Tall Mass Timber Buildings Could be on Horizon After ICC Vote to Change Building Code

Cross Laminated Timber via the US Department of Agriculture

Cross Laminated Timber via the US Department of Agriculture

Tall buildings made with structural timber, or “mass timber buildings,” have been on the rise in Canada and European countries in recent years, but the United States has been slower to adopt the method due to code restrictions. The state of Oregon recently released an addendum to their building code to allow taller mass timber buildings in the state and an upcoming International Code Council (ICC) vote could encourage more states to follow suit.

14 mass timber code change proposals were approved at an ICC public comment hearing in Richmond, VA on October 24, 2018.  This month, the proposed changes will undergo a period of online voting, with the results expected to be released in December. If approved, the changes would be added to the International Building Code (IBC) in 2021.

The ICC proposal would add three new types of construction:

  • Type IV A: up to 18 stories high and 270 feet tall

  • Type IV B: up to 12 stories high and 180 feet tall

  • Type IV C: up to 9 stories high and 85 feet tall

Kenneth Bland, Vice President of Codes & Regulations for the American Wood Council (AWC) issued this statement after the approval at the public comment hearing:

“ICC’s Ad hoc Committee on Tall Wood Buildings studied mass timber construction for two years prior to introducing these code change proposals, including conducting numerous fire performance tests. The result of that rigorous process is that each of the new proposed construction types has had its fire and life safety performance confirmed, resulting in a robust building performance.

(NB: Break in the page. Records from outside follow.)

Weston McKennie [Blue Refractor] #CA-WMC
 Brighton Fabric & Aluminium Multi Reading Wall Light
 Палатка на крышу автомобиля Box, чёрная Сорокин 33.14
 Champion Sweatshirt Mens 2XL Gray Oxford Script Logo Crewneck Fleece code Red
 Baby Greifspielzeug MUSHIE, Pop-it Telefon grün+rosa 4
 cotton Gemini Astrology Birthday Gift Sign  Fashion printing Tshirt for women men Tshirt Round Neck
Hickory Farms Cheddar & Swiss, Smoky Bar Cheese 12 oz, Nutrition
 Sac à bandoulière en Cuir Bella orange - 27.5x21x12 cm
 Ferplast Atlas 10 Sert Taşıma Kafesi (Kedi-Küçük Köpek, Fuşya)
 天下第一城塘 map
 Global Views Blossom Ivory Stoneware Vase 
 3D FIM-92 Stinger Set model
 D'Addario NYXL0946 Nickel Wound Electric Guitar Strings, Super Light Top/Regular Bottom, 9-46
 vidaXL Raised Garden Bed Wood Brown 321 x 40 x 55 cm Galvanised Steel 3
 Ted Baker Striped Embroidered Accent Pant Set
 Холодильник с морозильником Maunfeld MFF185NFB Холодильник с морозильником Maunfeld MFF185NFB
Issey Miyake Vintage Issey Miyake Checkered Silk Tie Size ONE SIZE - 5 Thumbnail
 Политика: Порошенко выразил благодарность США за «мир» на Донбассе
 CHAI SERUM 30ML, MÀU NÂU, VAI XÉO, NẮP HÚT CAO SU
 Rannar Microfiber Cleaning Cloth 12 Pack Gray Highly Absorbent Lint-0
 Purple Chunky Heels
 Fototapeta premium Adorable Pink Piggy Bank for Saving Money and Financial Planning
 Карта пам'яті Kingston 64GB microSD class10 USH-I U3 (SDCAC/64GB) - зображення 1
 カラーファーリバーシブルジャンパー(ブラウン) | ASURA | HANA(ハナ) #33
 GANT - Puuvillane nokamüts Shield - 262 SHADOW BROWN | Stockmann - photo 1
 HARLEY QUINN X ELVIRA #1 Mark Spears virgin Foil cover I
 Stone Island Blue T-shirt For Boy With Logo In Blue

“Other nations have already seen the benefits of tall wood construction – from the low carbon footprint, ease of construction and reduced construction time. The tremendous support of tall mass timber construction seen at the ICC public comment hearings, and the positive outcome, is one more important step toward advancement of tall wood in the United States.”

The wood industry is clearly in favor of the changes to the building code.  The cement and concrete industries, on the other hand, is not so excited about the developments.  In addition to the National Ready Mixed Concrete Association building a website called Build With Strength specifically to tout the benefits of concrete and the downfalls of wood, the Portland Cement Association (PCA) is endorsing another website called Stop Tall Wood, which serves the same purpose as Build With Strength.

Even if the proposals are approved and the IBC changes take effect in 2021, local jurisdictions will still have the option to adopt the changes or not.  The battles between the wood industry and the concrete industry will undoubtedly wage on in the trenches of local governments for years to come.